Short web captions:
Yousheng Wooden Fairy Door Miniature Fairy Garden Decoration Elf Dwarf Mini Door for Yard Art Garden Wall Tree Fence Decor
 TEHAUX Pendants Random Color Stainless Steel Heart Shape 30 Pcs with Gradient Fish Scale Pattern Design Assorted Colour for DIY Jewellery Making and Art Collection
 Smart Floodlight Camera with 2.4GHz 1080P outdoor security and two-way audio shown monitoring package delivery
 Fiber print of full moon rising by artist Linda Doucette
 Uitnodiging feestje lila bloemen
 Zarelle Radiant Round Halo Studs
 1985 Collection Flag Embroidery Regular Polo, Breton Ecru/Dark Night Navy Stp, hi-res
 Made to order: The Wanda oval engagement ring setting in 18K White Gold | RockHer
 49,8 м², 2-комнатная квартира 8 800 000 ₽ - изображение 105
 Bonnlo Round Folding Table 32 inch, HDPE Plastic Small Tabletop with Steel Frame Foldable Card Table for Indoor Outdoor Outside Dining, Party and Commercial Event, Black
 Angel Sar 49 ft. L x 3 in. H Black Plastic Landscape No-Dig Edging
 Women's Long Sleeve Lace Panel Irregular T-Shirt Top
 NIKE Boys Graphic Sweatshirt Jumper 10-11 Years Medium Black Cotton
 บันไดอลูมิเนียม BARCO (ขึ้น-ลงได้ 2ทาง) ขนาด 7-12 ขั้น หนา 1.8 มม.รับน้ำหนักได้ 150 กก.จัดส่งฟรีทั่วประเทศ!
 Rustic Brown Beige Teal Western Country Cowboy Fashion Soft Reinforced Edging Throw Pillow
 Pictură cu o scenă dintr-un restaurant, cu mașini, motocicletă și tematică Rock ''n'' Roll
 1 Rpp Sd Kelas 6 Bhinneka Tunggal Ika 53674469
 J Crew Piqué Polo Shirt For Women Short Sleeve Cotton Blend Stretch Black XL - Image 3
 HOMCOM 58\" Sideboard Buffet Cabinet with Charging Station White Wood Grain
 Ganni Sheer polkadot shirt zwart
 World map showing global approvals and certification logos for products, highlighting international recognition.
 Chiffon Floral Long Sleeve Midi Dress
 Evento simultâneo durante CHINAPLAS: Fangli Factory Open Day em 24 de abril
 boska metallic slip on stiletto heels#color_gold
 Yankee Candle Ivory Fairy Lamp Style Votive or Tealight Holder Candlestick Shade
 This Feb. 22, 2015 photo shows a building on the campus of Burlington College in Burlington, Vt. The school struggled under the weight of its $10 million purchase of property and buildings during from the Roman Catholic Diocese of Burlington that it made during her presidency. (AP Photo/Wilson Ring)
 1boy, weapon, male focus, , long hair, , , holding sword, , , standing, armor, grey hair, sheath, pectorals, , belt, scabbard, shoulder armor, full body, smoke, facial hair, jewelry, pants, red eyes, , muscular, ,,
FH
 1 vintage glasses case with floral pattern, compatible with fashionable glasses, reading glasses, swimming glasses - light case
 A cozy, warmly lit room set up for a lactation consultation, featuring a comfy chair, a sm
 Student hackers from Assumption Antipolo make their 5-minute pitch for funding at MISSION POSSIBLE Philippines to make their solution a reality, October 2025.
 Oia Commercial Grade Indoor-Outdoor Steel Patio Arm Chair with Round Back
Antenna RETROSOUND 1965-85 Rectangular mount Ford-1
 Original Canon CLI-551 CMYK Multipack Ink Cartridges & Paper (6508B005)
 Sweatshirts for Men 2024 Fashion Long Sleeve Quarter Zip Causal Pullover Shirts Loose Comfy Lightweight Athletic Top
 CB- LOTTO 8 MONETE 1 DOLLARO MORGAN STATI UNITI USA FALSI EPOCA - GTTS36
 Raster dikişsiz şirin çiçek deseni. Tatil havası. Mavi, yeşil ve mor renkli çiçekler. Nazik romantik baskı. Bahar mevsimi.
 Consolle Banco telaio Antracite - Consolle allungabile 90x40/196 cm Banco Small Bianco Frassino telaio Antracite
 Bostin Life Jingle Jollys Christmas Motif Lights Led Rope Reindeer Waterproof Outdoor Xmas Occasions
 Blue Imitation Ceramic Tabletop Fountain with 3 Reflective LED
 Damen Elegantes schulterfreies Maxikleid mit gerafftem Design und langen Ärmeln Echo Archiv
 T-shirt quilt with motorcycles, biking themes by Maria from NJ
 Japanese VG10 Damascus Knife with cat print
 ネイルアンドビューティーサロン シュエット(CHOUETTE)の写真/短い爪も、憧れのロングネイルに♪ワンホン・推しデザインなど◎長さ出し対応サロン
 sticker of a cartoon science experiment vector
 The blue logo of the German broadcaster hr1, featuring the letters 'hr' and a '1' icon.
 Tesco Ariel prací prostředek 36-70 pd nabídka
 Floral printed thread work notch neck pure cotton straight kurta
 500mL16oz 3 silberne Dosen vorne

### Exercise requirements
A complete, exact transcription of the records is needed.

### Finished exercise
Yousheng Wooden Fairy Door Miniature Fairy Garden Decoration Elf Dwarf Mini Door for Yard Art Garden Wall Tree Fence Decor
 TEHAUX Pendants Random Color Stainless Steel Heart Shape 30 Pcs with Gradient Fish Scale Pattern Design Assorted Colour for DIY Jewellery Making and Art Collection
 Smart Floodlight Camera with 2.4GHz 1080P outdoor security and two-way audio shown monitoring package delivery
 Fiber print of full moon rising by artist Linda Doucette
 Uitnodiging feestje lila bloemen
 Zarelle Radiant Round Halo Studs
 1985 Collection Flag Embroidery Regular Polo, Breton Ecru/Dark Night Navy Stp, hi-res
 Made to order: The Wanda oval engagement ring setting in 18K White Gold | RockHer
 49,8 м², 2-комнатная квартира 8 800 000 ₽ - изображение 105
 Bonnlo Round Folding Table 32 inch, HDPE Plastic Small Tabletop with Steel Frame Foldable Card Table for Indoor Outdoor Outside Dining, Party and Commercial Event, Black
 Angel Sar 49 ft. L x 3 in. H Black Plastic Landscape No-Dig Edging
 Women's Long Sleeve Lace Panel Irregular T-Shirt Top
 NIKE Boys Graphic Sweatshirt Jumper 10-11 Years Medium Black Cotton
 บันไดอลูมิเนียม BARCO (ขึ้น-ลงได้ 2ทาง) ขนาด 7-12 ขั้น หนา 1.8 มม.รับน้ำหนักได้ 150 กก.จัดส่งฟรีทั่วประเทศ!
 Rustic Brown Beige Teal Western Country Cowboy Fashion Soft Reinforced Edging Throw Pillow
 Pictură cu o scenă dintr-un restaurant, cu mașini, motocicletă și tematică Rock ''n'' Roll
 1 Rpp Sd Kelas 6 Bhinneka Tunggal Ika 53674469
 J Crew Piqué Polo Shirt For Women Short Sleeve Cotton Blend Stretch Black XL - Image 3
 HOMCOM 58\" Sideboard Buffet Cabinet with Charging Station White Wood Grain
 Ganni Sheer polkadot shirt zwart
 World map showing global approvals and certification logos for products, highlighting international recognition.
 Chiffon Floral Long Sleeve Midi Dress
 Evento simultâneo durante CHINAPLAS: Fangli Factory Open Day em 24 de abril
 boska metallic slip on stiletto heels#color_gold
 Yankee Candle Ivory Fairy Lamp Style Votive or Tealight Holder Candlestick Shade
 This Feb. 22, 2015 photo shows a building on the campus of Burlington College in Burlington, Vt. The school struggled under the weight of its $10 million purchase of property and buildings during from the Roman Catholic Diocese of Burlington that it made during her presidency. (AP Photo/Wilson Ring)
 1boy, weapon, male focus, , long hair, , , holding sword, , , standing, armor, grey hair, sheath, pectorals, , belt, scabbard, shoulder armor, full body, smoke, facial hair, jewelry, pants, red eyes, , muscular, ,,
FH
 1 vintage glasses case with floral pattern, compatible with fashionable glasses, reading glasses, swimming glasses - light case
 A cozy, warmly lit room set up for a lactation consultation, featuring a comfy chair, a sm
 Student hackers from Assumption Antipolo make their 5-minute pitch for funding at MISSION POSSIBLE Philippines to make their solution a reality, October 2025.
 Oia Commercial Grade Indoor-Outdoor Steel Patio Arm Chair with Round Back
Antenna RETROSOUND 1965-85 Rectangular mount Ford-1
 Original Canon CLI-551 CMYK Multipack Ink Cartridges & Paper (6508B005)
 Sweatshirts for Men 2024 Fashion Long Sleeve Quarter Zip Causal Pullover Shirts Loose Comfy Lightweight Athletic Top
 CB- LOTTO 8 MONETE 1 DOLLARO MORGAN STATI UNITI USA FALSI EPOCA - GTTS36
 Raster dikişsiz şirin çiçek deseni. Tatil havası. Mavi, yeşil ve mor renkli çiçekler. Nazik romantik baskı. Bahar mevsimi.
 Consolle Banco telaio Antracite - Consolle allungabile 90x40/196 cm Banco Small Bianco Frassino telaio Antracite
 Bostin Life Jingle Jollys Christmas Motif Lights Led Rope Reindeer Waterproof Outdoor Xmas Occasions
 Blue Imitation Ceramic Tabletop Fountain with 3 Reflective LED
 Damen Elegantes schulterfreies Maxikleid mit gerafftem Design und langen Ärmeln Echo Archiv
 T-shirt quilt with motorcycles, biking themes by Maria from NJ
 Japanese VG10 Damascus Knife with cat print
 ネイルアンドビューティーサロン シュエット(CHOUETTE)の写真/短い爪も、憧れのロングネイルに♪ワンホン・推しデザインなど◎長さ出し対応サロン
 sticker of a cartoon science experiment vector
 The blue logo of the German broadcaster hr1, featuring the letters 'hr' and a '1' icon.
 Tesco Ariel prací prostředek 36-70 pd nabídka
 Floral printed thread work notch neck pure cotton straight kurta
 500mL16oz 3 silberne Dosen vorne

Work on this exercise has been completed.